_MATERIAL PROVIDED_:
====================
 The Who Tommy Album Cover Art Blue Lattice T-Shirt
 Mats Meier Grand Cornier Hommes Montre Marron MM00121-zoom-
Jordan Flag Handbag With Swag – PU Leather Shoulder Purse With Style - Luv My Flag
====================
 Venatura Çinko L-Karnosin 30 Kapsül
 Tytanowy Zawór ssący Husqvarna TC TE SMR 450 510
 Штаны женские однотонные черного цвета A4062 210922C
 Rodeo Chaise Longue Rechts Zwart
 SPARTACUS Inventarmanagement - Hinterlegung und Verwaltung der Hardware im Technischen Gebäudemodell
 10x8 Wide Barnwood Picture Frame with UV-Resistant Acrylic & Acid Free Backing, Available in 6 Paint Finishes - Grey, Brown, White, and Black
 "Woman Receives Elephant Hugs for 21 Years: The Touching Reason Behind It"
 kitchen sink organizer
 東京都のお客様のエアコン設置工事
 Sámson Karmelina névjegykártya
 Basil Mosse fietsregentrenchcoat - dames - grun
====================
_EXERCISE DETAILS_:
Return a word-for-word copy of the lines above from the one holding "The Who Tommy" through the one holding "Jordan Flag Handbag", with both of them included and nothing besides.

_SOLUTION TO THIS PROBLEM_:
 The Who Tommy Album Cover Art Blue Lattice T-Shirt
 Mats Meier Grand Cornier Hommes Montre Marron MM00121-zoom-
Jordan Flag Handbag With Swag – PU Leather Shoulder Purse With Style - Luv My Flag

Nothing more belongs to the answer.